**Brief:**
From the first line of the data below through the line holding "Dame Bandeau-Bikini med", write out each line exactly as it stands.

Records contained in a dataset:
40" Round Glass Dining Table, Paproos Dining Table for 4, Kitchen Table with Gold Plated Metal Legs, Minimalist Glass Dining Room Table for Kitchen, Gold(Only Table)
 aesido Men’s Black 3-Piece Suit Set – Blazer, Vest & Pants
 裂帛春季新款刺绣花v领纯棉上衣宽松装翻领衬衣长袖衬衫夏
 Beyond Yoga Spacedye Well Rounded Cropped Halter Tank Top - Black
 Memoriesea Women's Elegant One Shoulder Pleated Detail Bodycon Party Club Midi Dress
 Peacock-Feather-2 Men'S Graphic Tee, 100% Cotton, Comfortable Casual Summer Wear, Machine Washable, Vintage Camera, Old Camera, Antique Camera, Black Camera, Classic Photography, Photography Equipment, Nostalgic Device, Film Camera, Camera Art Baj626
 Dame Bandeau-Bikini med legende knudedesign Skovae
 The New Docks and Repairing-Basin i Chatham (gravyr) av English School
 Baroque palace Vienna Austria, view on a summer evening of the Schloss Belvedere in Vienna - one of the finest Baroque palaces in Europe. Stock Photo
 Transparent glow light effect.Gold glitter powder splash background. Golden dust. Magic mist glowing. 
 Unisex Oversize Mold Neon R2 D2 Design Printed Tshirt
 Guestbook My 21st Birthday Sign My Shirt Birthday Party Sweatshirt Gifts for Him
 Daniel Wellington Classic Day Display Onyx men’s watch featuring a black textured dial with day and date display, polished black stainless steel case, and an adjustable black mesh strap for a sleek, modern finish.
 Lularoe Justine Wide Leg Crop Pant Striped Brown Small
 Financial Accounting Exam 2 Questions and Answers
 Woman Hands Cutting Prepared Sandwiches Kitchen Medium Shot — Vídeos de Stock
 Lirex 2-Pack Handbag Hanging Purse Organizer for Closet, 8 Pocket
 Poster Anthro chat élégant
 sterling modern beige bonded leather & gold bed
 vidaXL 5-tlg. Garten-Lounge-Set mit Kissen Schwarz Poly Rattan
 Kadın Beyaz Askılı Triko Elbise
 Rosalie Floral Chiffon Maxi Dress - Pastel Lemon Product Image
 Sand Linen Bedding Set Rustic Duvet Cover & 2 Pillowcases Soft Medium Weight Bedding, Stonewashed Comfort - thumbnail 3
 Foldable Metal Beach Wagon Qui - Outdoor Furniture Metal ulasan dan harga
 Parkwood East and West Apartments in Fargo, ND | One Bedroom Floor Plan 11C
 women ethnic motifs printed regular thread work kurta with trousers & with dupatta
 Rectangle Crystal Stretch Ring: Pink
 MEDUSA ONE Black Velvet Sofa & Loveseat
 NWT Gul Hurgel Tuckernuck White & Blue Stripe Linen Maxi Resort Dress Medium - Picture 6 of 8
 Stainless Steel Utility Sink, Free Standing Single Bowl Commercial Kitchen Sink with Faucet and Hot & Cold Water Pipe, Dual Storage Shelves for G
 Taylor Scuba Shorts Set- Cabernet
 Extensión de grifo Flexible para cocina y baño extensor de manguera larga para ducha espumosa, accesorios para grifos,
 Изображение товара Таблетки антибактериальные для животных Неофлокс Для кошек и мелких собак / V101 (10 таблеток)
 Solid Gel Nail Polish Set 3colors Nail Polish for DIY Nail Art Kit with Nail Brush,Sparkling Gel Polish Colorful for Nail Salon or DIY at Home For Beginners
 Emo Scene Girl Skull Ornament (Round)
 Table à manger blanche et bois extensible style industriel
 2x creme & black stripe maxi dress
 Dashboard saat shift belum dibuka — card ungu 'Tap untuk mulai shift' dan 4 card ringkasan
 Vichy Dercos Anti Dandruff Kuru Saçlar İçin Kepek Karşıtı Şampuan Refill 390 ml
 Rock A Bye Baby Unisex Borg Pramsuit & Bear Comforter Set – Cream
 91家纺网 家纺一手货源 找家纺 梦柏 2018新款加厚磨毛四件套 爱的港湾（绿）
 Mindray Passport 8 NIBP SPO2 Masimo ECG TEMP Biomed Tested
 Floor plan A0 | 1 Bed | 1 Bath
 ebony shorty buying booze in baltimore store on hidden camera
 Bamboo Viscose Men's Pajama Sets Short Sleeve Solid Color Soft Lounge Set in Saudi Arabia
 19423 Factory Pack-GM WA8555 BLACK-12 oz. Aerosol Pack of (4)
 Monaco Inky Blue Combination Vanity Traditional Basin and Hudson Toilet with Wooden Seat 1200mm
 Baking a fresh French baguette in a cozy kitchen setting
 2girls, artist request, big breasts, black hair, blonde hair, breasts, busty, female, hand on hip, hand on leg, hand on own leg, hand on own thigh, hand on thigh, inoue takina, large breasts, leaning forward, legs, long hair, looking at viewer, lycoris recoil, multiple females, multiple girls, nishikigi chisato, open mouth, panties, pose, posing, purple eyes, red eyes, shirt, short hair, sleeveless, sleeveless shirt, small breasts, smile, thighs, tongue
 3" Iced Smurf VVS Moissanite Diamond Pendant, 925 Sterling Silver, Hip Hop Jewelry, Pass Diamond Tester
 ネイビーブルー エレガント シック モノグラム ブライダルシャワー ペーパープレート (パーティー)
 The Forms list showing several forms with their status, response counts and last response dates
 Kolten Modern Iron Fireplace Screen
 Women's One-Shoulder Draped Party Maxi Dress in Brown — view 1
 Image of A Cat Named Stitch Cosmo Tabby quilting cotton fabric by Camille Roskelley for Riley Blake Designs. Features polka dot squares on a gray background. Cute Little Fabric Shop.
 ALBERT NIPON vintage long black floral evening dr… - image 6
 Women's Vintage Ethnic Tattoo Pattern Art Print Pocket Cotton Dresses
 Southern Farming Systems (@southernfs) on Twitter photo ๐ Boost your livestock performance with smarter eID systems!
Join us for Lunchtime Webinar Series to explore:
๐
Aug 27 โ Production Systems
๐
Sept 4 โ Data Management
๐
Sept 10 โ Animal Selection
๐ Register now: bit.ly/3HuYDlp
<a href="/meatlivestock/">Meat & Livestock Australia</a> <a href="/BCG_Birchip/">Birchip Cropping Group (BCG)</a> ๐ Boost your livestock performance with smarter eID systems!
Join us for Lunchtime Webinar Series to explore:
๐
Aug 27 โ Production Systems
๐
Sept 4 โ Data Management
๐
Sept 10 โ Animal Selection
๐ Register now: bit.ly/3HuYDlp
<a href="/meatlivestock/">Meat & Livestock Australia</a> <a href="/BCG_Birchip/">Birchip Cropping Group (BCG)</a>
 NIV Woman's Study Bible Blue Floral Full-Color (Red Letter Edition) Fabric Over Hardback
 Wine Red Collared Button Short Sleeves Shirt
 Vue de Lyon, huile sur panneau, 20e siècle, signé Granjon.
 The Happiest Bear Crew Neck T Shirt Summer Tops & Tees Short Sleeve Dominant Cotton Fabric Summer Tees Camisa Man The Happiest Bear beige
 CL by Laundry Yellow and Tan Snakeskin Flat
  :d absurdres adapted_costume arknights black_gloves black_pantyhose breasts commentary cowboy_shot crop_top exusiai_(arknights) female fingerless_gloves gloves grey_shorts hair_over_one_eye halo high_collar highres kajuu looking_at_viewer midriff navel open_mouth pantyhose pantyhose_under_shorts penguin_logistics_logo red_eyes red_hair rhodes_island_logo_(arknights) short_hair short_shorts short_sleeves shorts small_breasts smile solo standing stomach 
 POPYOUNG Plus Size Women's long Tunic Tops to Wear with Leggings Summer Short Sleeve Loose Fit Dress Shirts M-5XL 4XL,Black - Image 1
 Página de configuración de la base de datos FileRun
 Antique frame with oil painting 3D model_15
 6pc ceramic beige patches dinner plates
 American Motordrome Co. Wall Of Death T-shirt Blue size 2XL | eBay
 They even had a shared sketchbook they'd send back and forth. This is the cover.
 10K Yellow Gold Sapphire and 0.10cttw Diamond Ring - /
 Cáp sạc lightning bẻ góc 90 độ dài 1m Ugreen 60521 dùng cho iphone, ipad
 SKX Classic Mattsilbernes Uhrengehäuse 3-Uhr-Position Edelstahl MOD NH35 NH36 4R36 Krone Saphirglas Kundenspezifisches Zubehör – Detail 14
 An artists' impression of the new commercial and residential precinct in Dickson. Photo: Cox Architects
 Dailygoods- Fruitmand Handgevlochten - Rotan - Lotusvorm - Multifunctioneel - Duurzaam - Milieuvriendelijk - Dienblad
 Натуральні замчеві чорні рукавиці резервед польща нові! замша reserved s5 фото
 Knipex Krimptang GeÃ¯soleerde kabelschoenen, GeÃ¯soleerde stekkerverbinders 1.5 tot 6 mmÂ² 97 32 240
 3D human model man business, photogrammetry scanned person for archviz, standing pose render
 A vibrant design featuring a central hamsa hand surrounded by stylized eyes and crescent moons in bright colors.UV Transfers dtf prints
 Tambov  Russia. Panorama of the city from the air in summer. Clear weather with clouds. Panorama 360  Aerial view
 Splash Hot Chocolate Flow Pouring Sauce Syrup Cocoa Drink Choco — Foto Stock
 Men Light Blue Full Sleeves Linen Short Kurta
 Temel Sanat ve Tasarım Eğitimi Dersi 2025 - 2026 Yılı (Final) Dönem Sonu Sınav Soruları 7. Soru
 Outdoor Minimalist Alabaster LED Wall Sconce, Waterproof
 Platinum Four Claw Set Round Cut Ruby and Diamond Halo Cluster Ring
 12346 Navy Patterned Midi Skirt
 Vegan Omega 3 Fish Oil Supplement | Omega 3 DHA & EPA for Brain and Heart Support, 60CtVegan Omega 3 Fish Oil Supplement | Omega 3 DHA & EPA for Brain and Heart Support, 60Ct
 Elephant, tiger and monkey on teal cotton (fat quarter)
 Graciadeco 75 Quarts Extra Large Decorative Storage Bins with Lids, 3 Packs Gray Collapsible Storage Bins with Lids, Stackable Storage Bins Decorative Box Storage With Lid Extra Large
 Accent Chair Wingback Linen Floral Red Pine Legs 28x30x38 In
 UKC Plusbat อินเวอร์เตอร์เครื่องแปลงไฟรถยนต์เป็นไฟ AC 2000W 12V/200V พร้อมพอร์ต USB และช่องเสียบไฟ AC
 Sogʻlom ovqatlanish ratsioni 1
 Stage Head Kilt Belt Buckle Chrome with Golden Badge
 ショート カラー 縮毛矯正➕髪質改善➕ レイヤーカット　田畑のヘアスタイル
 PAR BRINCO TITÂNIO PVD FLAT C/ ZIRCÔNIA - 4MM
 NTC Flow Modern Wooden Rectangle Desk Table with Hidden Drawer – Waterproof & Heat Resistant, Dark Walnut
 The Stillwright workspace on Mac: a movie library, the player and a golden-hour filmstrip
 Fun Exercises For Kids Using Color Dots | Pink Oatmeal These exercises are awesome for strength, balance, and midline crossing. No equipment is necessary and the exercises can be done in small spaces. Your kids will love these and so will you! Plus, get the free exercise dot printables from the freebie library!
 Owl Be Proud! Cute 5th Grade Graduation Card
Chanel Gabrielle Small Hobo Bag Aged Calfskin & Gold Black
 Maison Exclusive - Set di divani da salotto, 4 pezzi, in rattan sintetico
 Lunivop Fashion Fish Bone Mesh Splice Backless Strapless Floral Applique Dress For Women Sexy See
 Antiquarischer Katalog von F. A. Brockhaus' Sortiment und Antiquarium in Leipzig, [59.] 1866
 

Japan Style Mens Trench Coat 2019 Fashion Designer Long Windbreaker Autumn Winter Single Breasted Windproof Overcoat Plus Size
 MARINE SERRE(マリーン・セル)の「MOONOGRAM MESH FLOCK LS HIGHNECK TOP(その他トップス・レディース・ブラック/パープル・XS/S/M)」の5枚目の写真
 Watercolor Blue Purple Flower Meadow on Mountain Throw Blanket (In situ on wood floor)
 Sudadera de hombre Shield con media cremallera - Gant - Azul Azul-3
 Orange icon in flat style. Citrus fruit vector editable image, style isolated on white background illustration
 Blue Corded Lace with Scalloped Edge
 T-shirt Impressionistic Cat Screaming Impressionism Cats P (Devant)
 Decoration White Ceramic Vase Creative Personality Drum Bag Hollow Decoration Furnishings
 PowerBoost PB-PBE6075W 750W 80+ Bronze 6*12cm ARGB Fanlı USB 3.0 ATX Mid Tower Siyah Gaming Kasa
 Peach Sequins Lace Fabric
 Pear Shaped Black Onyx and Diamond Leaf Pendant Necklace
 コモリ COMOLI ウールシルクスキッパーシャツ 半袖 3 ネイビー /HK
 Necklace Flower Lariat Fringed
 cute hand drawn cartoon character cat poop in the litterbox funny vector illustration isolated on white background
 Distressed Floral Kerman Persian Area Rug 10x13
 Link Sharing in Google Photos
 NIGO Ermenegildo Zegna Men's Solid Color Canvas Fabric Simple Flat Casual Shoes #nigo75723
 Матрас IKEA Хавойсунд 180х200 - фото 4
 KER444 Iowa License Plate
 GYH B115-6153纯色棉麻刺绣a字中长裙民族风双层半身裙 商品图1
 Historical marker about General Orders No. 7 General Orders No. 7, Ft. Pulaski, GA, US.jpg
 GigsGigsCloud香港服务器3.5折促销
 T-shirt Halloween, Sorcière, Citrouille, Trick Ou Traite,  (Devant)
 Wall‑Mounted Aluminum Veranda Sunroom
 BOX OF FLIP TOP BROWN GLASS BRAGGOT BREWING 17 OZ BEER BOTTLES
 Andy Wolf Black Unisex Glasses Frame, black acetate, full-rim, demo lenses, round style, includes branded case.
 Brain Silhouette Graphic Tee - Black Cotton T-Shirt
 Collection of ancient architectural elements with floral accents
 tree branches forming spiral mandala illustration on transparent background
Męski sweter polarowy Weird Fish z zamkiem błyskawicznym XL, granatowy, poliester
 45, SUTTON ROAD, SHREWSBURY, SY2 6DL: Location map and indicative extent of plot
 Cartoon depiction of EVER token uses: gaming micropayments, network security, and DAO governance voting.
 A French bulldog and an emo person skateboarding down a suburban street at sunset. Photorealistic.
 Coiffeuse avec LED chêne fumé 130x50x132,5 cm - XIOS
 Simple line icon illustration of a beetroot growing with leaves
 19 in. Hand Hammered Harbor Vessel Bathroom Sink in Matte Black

**Exercise result:**
40" Round Glass Dining Table, Paproos Dining Table for 4, Kitchen Table with Gold Plated Metal Legs, Minimalist Glass Dining Room Table for Kitchen, Gold(Only Table)
 aesido Men’s Black 3-Piece Suit Set – Blazer, Vest & Pants
 裂帛春季新款刺绣花v领纯棉上衣宽松装翻领衬衣长袖衬衫夏
 Beyond Yoga Spacedye Well Rounded Cropped Halter Tank Top - Black
 Memoriesea Women's Elegant One Shoulder Pleated Detail Bodycon Party Club Midi Dress
 Peacock-Feather-2 Men'S Graphic Tee, 100% Cotton, Comfortable Casual Summer Wear, Machine Washable, Vintage Camera, Old Camera, Antique Camera, Black Camera, Classic Photography, Photography Equipment, Nostalgic Device, Film Camera, Camera Art Baj626
 Dame Bandeau-Bikini med legende knudedesign Skovae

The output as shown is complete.